Indeed, sine the dawn of 2014, a week has not gone by without at least two, on occasion four, Greek companies has announced plans to go to the equity market for funds, usually to used funds pocketed for "vessel acquisitions". Any balance left invariably goes "for general corporate purposes, including working capital" and "the repayment of debt".
Though renowned analysts like Ted Petropoulos of Petrofin Research, rightly point out the equity markets will never replace traditional banking, outside investors are certainly filling a gap at the moment enabling companies to expand and upgrade when acquisition opportunities appear.
While, large financially strong public and private Greek companies can find some ship finance, in the first six weeks of 2014, Greek shipowner interests have tapped to equity market for over $1bn. Among those who have turned to investors are some of the industry's best known names. In all, Greek-linked companies have been involved in 14 raids so far in 2014, with at least three more imminent.
Latest to join the hunt is newcomer, Stalwart Tankers, which is set to go to investors with a prospectus to raised $100m on the NYSE to built a chemical tanker fleet.
The chemical transportation company maybe a new name, but its roots in shipping run deep. Stalwart is controlled by Ekaterini Lanara and Dimitrios Souravlas, part of the Lanaras clan. With an initial fleet of five ships, the company’s IPO filing says it plans acquisition of a further 11 units, including six newbuildings.
The company says it has signed a LOI with an unnamed South Korean shipyard for four 25,000 dwt eco-design newbuildings, an investment worth $174m with deliveries expected to begin in 2016. It also has the option to acquire an additional two sister ships for $87m with potential delivery in 2017.
With an initial fleet consisting of five ships ranging from 23,322dwt down to 11,560 dwt, built between 1994 and 2006, Stalwart said it intends to acquire five unidentified secondhand stainless steel tankers of between 20,000 dwt and 25,000 dwt, all built in Japan between 2005 and 2010.
Lanara, who was described as vice president and Souravlas as ceo own all of the company's issued and outstanding common shares. The two are also linked to Elmira Tankers Management, which has five chemical tankers, and Elmira Shipping & Trading, which has three general cargo ships and a ro-ro.
Stalwart says it is looking to take advantage of a market in early stages of a recovery from cyclical lows, and will also use proceeds from the IPO to repay debt.
Stalwart’s $100m target is average for Greek companies making raids on the equity market in 2014. Sums raised range from $29m to near $200m.

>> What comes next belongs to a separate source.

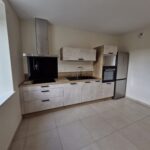 Bel appartement entièrement rénové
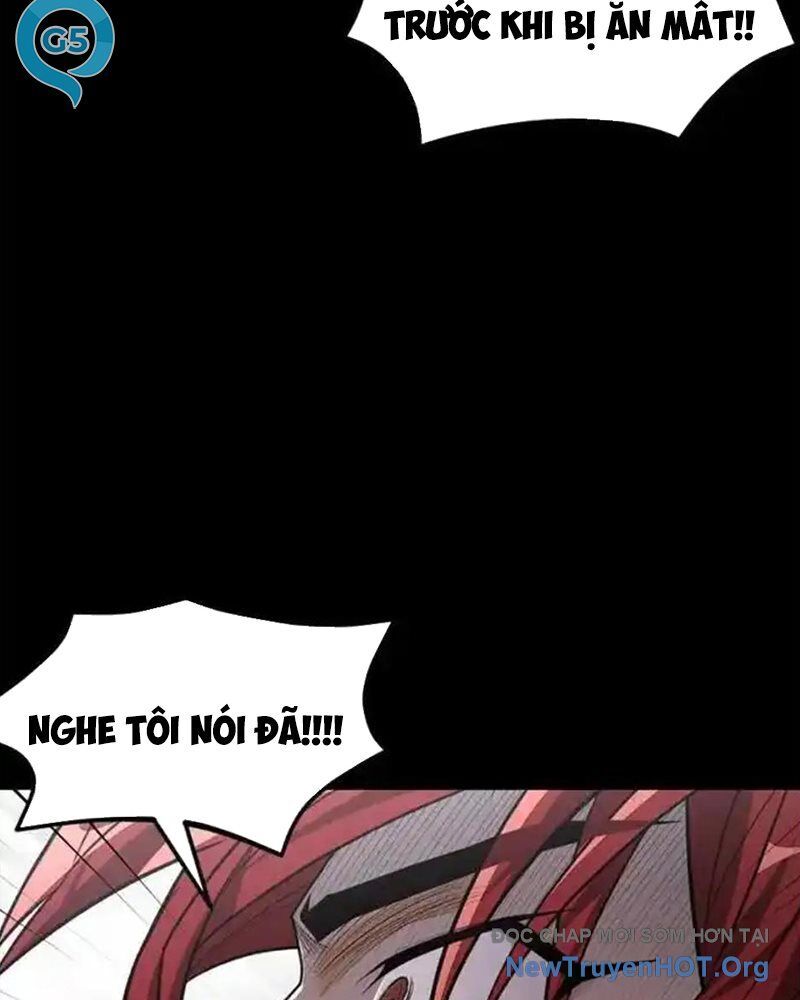 Cuốn Sổ Sinh Tử Chapter 28 - Trang 2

These have included in January, Peter G Livanos-led GasLog scooped $199m in an equity issue and private placement to help fund a $468m sale-and-leaseback deal with BG affiliate Methane Services. The Livanos / Marc Saverys-led Euronav also completed a $50m equity issue with shares sold to new investors.
Ever expanding Angeliki Frangou-controlled Navios Group has made two raids, with subsidiaries raising, $50m and $101m, with a third for $57m underway. Container ship owner Costamare / Costis Constantakopoulos grossed $100m through a public offering of 4m preferred shares.
Oslo-listed VLGC operator Dorian LPG / John Hadjipateras raised $100m through a private placement to finance its newbuilding VLGCs.